(WHAT IS EXPECTED) Below are the records to retype. Keep every character exactly and leave out the pictures.

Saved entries
# # # #

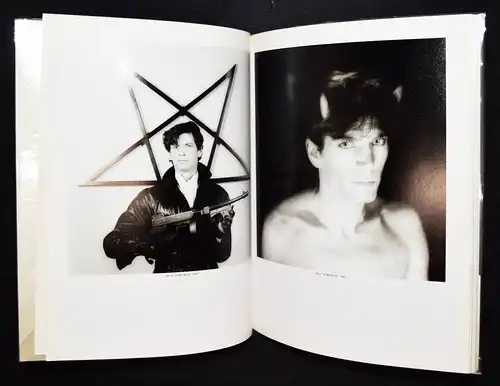 Takano, Robert Mapplethorpe. Tokyo, Parco Co. Ltd 1987 D. Hershkovits - D. Levas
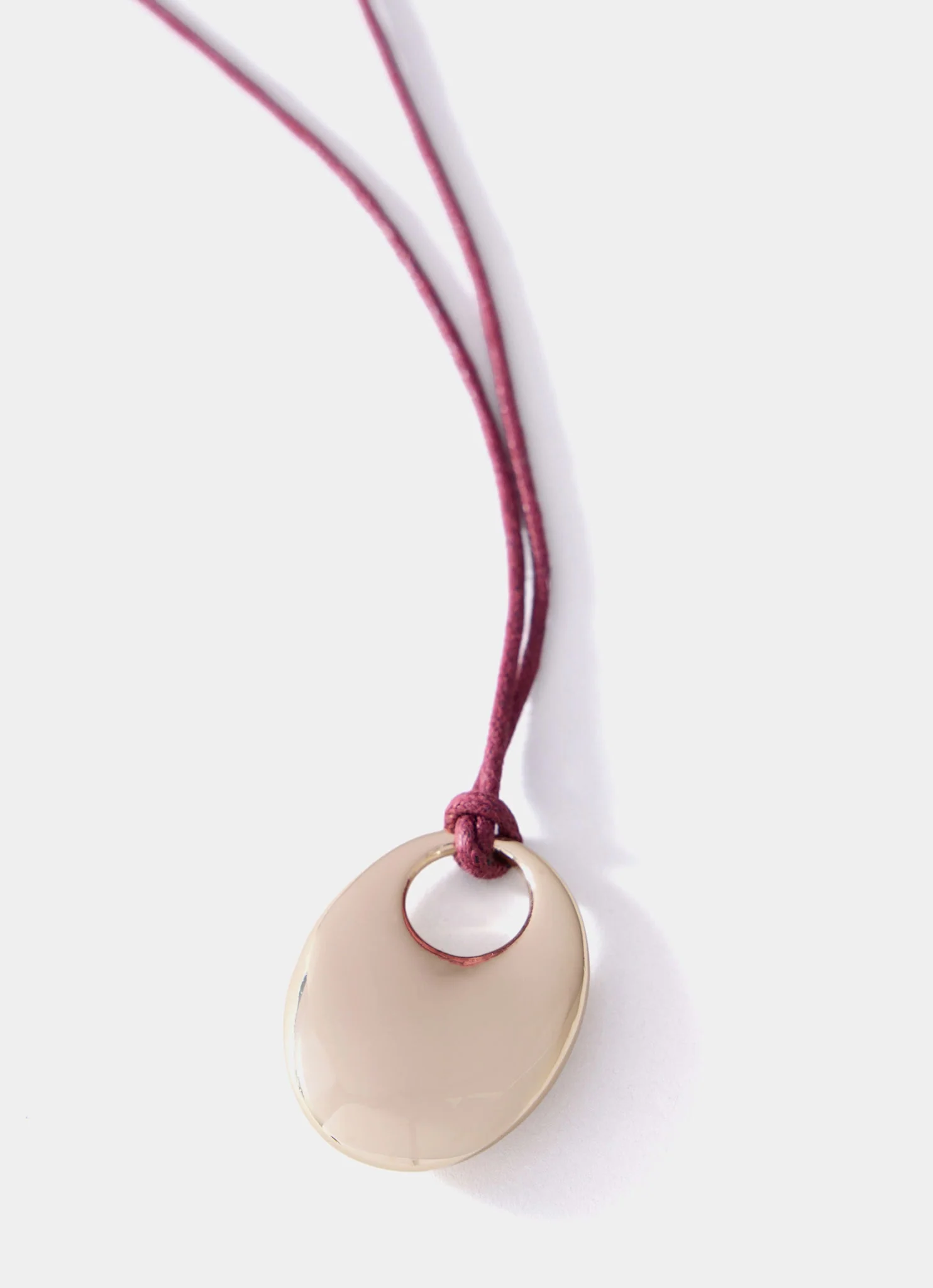 Gold Tone Rope Pendant Necklace - Image 4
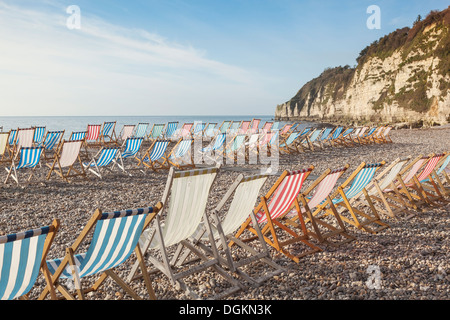 Liegestühle bei starkem Wind am Strand von Bier. Stockfoto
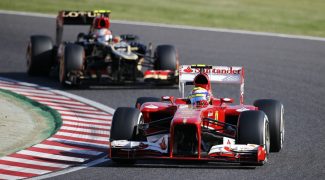 ferrari-surveille-son-retro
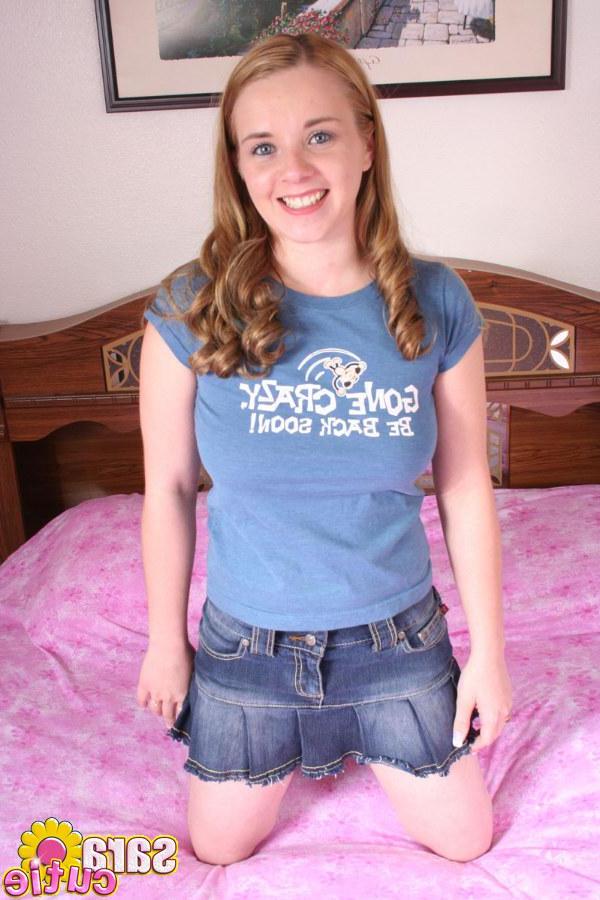 15P Pictures of Sara Cutie in a short skirt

# # # #

(YOUR RESPONSE)
 Takano, Robert Mapplethorpe. Tokyo, Parco Co. Ltd 1987 D. Hershkovits - D. Levas
 Gold Tone Rope Pendant Necklace - Image 4
 Liegestühle bei starkem Wind am Strand von Bier. Stockfoto
 ferrari-surveille-son-retro
 15P Pictures of Sara Cutie in a short skirt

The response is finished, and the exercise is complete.